Si nos toca amarrar nuestro destino deportivo a un equipo a la brasileña o a la argentina, de jogo bonito, la dinámica del drible, caños, gambetas y amagues, jogo de cintura, malandragem, espectáculo en forma y contenido, características que no se aprenden en las escuelas ni enseñan los DT pero sí en los campos de pelada, en el fútbol de calle y potrero, nuestra tendencia será oscilar hacia el polo de “ver-jugar”. Lo importante emotivamente ahora es la diversión renacentista, el juego en sí, la belleza estilística, el predominio del medio sobre el fin.

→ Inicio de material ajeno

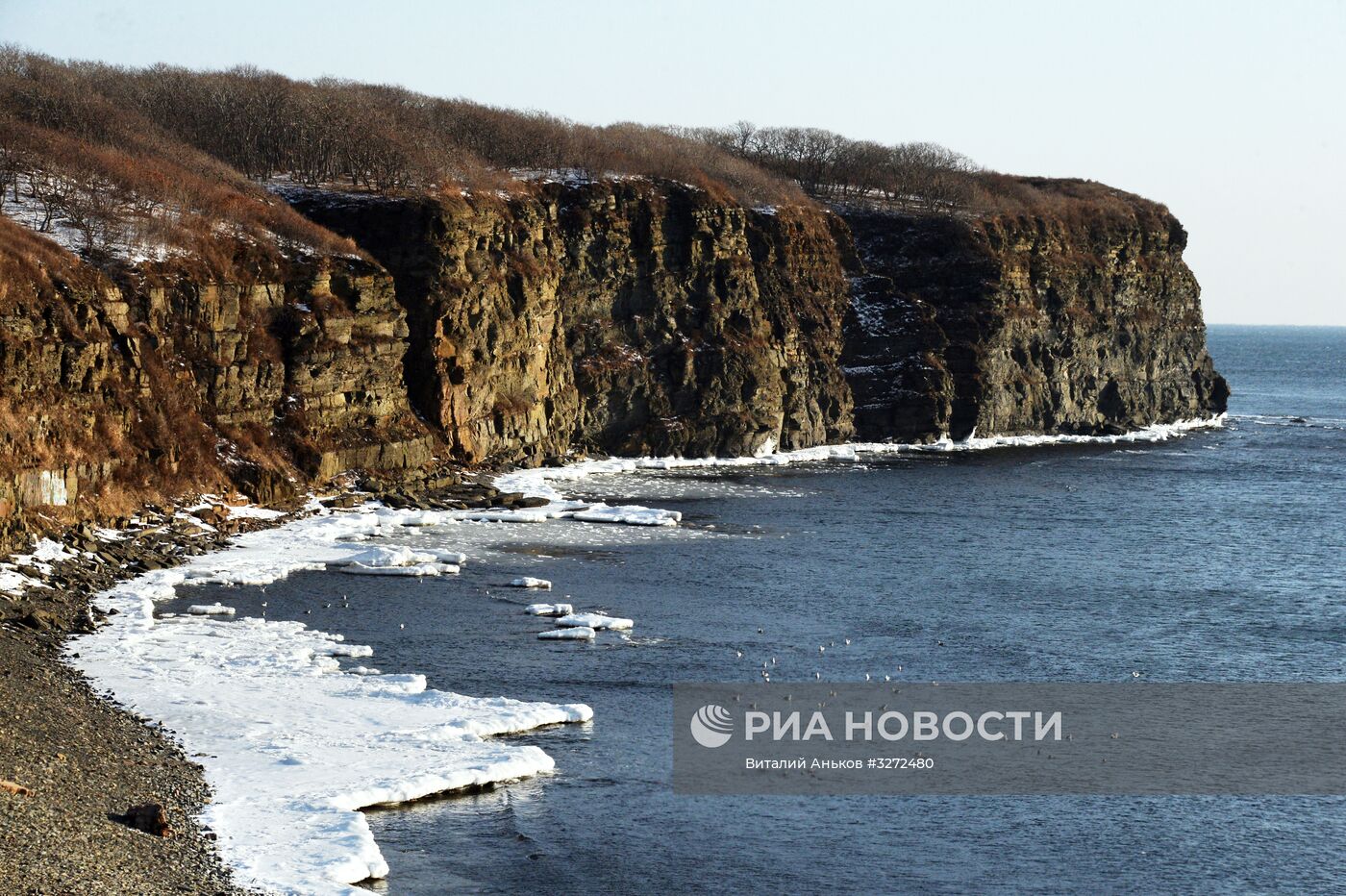 Зима на острове Русский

Indudablemente la mezcla de estas perspectivas absolutas de ver fútbol son las que sobrecargan de emotividad, religiosidad y fanatismo los estadios y los momentos cumbres del espectáculo.  Y no hay duda que además son dos formas de “sentir” el fútbol, dos Weltanschauung, visiones del mundo como diría Dilthey: una hiperracional basada en el cálculo instrumental y otra tardoromántica que añora cuando el fútbol era puro placer lúdico. ¿Recuperará el espectáculo el sabio Sapere vedere? Seguramente la decadencia centenaria del “saber-ver” fútbol es funcional al crecimiento geométrico del profesionalismo y de la nacionalización populistas de las masas en el deporte. Nuestra conclusión no puede ser más que pesimista: es inútil persuadir a un fanático que ve fútbol para “ver-ganar” que lo haga para “ver-jugar” en un mundo donde el número y la ganancia contable son la segunda naturaleza del hombre.